Retailers Hail Defeat of Swipe Fee Amendment
The retail industry expressed satisfaction that the Tester-Corker amendment, which called for the delay of swipe fee reform for a minimum of six months for further study, failed to garner the necessary votes today in the U.S. Senate. Although the vote was 54 to 45 in favor of passage, 60 votes were necessary for adoption.
Sen. Dick Durbin (D-Ill.), the primary sponsor of the current law, argued that the amendment would have required the law as it now stands to be rewritten in effect to be a bailout for credit card companies and big banks.

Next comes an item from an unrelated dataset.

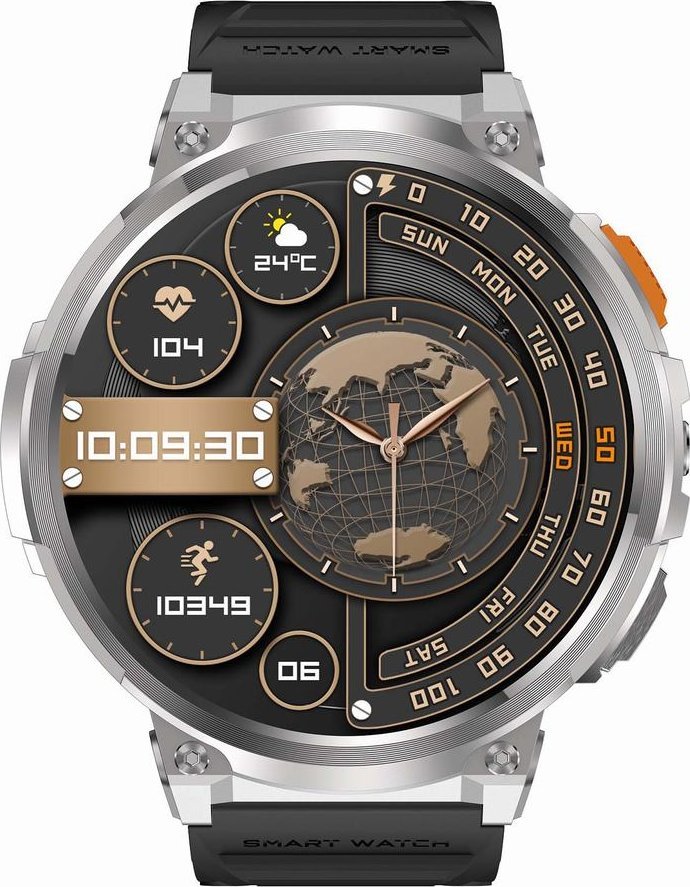 фото Смарт-часы Gravity GT23-4 Orange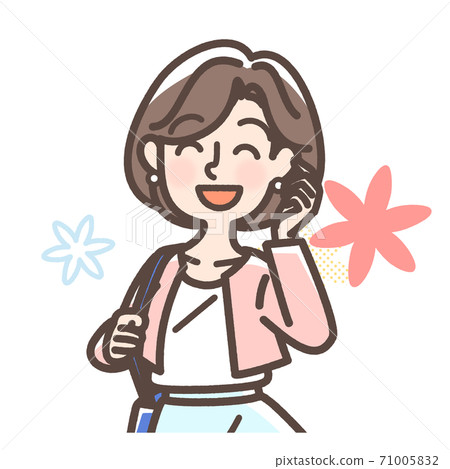 活潑的女人 71005832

“FMI applauds the 45 senators who voted to support their neighborhood grocery stores and their customers today,” said Leslie G. Sarasin, president and CEO of the Arlington, Va.-based trade organization. “There is no doubt in my mind that customers will see savings returned to their pockets once this rule is finalized.”
Sarasin added: “The ball is now in the Federal Reserve’s court to publish a final rule and move toward the required July 21 implementation deadline.”
“Independent grocers, small business and consumers won another important victory today when the Senate rejected the … amendment,” noted Peter Larkin, president and CEO of the Arlington-based National Grocers Association said. “Sen. Durbin and the other senators that supported Main Street grocers and other merchants deserve our thanks for their leadership and commitment to swipe fee reforms.”
The bipasrtisan amendment, introduced by Sens. JonTester (D-Mont.) and Bob Corker (R-Tenn.), was described by supporters as a "compromise" to the current Economic Development Revitalization Act of 2011, which includes swipe fee reforms due to take effect next month.